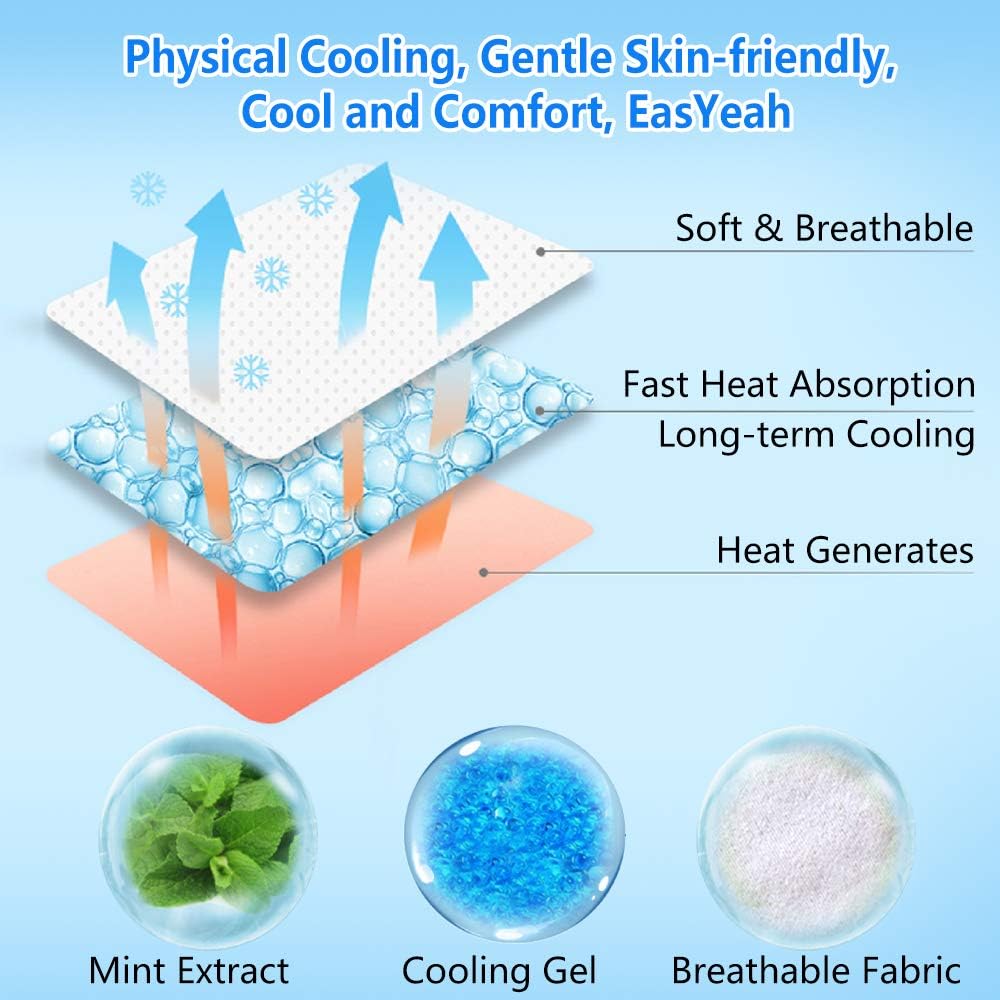 EASYEAH 12 Sheets Cooling Patches for Fever Discomfort & Pain Relief, Cooling Relief Fever Reducer, Soothe Headache Pain, Pack of 12
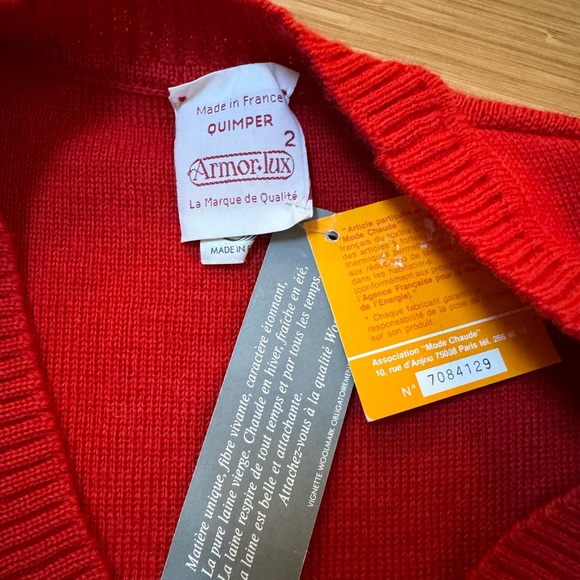 vintage deadstock ARMOR-LUX red wool cardigan made in France MEDIUM - Picture 8 of 10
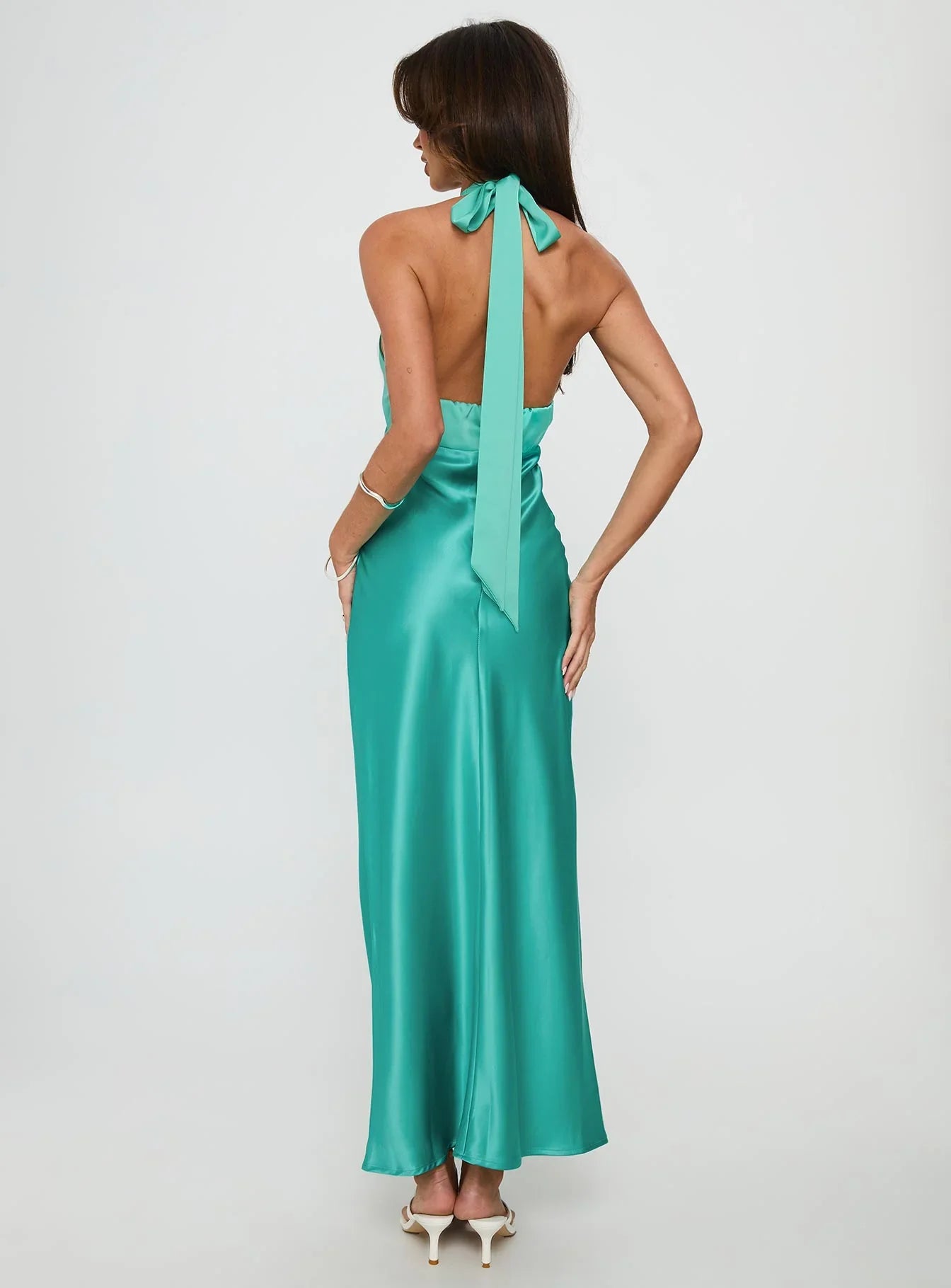 Green Halter Prom Dress with Satin Fabric and Bow Back for Formal Events and Prom Nights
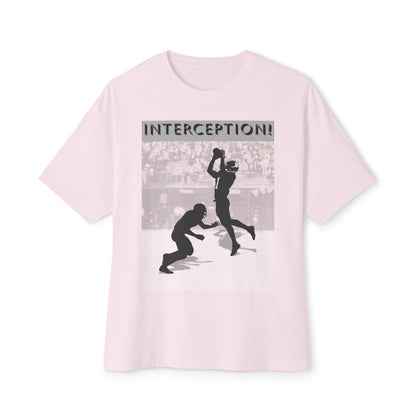 Football Interception Tee – Oversized Box Graphic T-Shirt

━━━━━━━━━━

What is required:
Transcribe each line above exactly, pictures excluded.

Written answer:
 EASYEAH 12 Sheets Cooling Patches for Fever Discomfort & Pain Relief, Cooling Relief Fever Reducer, Soothe Headache Pain, Pack of 12
 vintage deadstock ARMOR-LUX red wool cardigan made in France MEDIUM - Picture 8 of 10
 Green Halter Prom Dress with Satin Fabric and Bow Back for Formal Events and Prom Nights
 Football Interception Tee – Oversized Box Graphic T-Shirt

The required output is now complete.